Muitas vozes, muitas mãos
Para levar a ideia à prática, a diretora e alguns professores desenharam um projeto. Convidaram pais, comunidade, representantes do governo, de entidades ambientais, de empresas e artistas para um evento, o Café com Ideias. A fanfarra da escola recepcionou os participantes, que embalados por aquele momento, conversaram sobre o projeto, a necessidade de recursos e parcerias. Deste encontro nasceu dois comitês: o técnico, com representantes da área ambiental e governo, e o executivo, composto pelos profissionais da escola e os pais dos alunos, que ancoram todos os movimentos com muita garra.

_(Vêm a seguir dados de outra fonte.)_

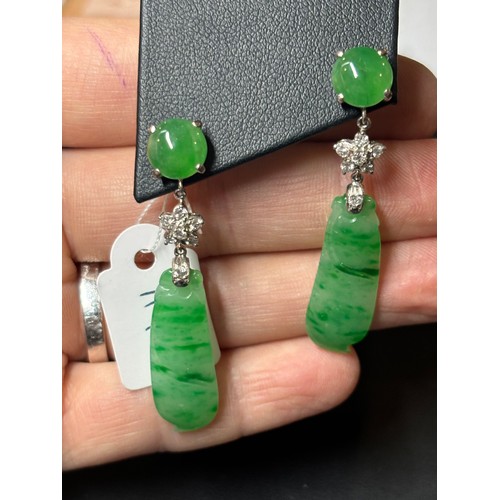 1145 - A pair of 18ct white gold jade and diamond drop stud earrings, each set with round cabochon jade sus...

O que era apenas uma ideia floresceu com a participação de muitos. Aliás, fazer acontecer de modo participativo está na essência da escola. Com sua experiência, formou uma grande teia de pessoas movidas com um único propósito: ser uma escola sustentável. Nela há uma rica troca de experiências entre uma equipe multidisciplinar que trabalha em conjunto, dentro e fora da sala de aula com elementos que passam entre, além e através das disciplinas. Convivência e colaboração permeiam tudo e estimulam uma relação onde todos ganham. E assim exercita-se uma nova forma de aprendizado, onde o potencial de cada um pode vir à tona.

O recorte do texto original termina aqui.